Brief descriptive captions:

§ §

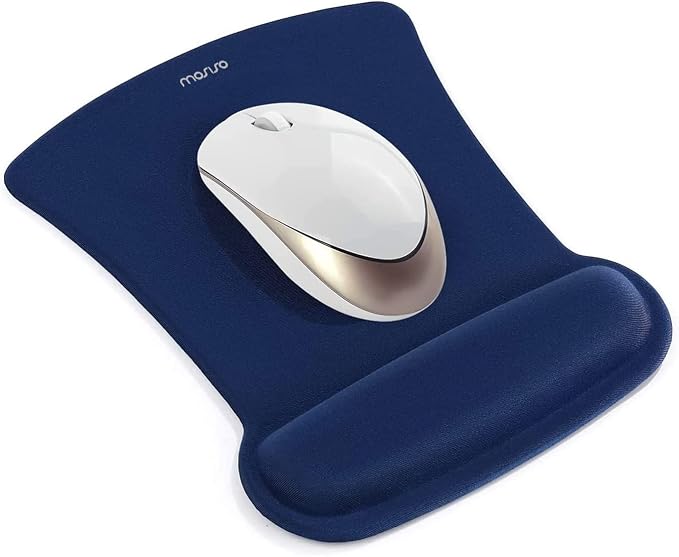 MOSISO Wrist Rest Support for Mouse Pad & Keyboard Set, Ergonomic Mousepad - Image 7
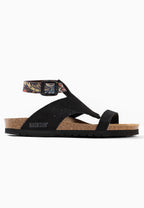 Sandales Multi-Brides Sete Noir et Python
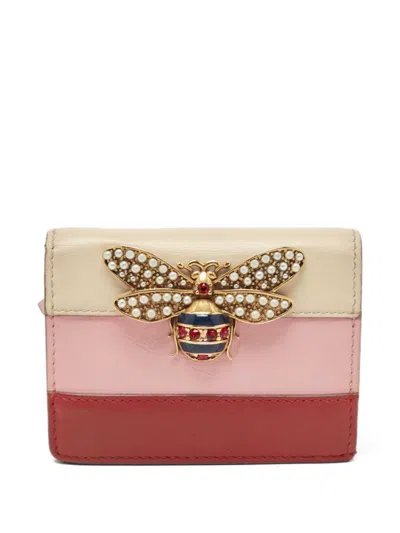 Pre-owned Gucci 2024 Lilith Bee Wallet In Pink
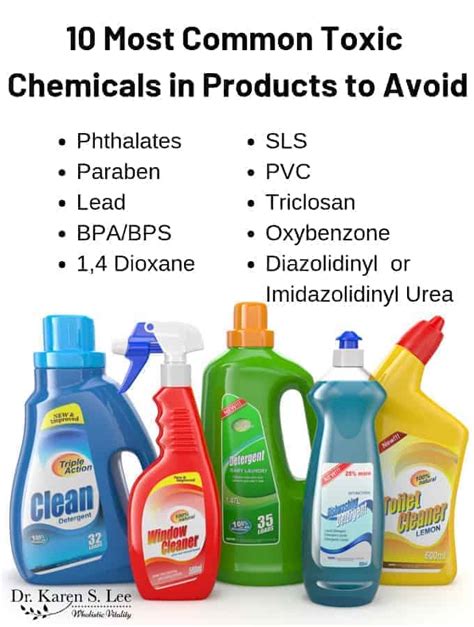 10 Common Toxic Chemicals To Avoid
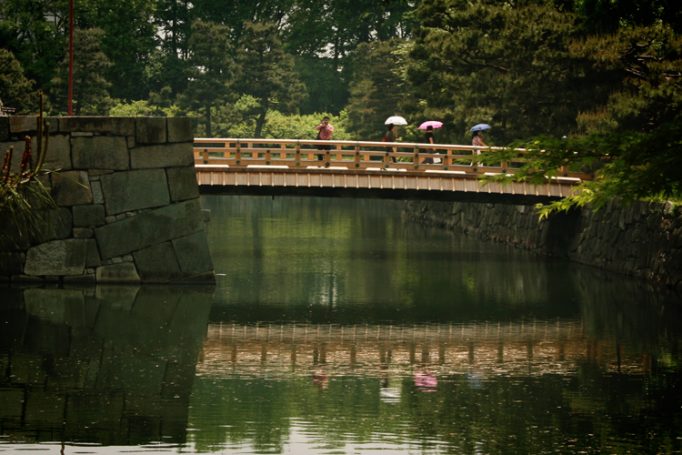 at nijo castle, kyoto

§ §

TASK PROMPT:
Would you copy each line above exactly as given, dropping any images?

FINAL ANSWER:
 MOSISO Wrist Rest Support for Mouse Pad & Keyboard Set, Ergonomic Mousepad - Image 7
 Sandales Multi-Brides Sete Noir et Python
 Pre-owned Gucci 2024 Lilith Bee Wallet In Pink
 10 Common Toxic Chemicals To Avoid
 at nijo castle, kyoto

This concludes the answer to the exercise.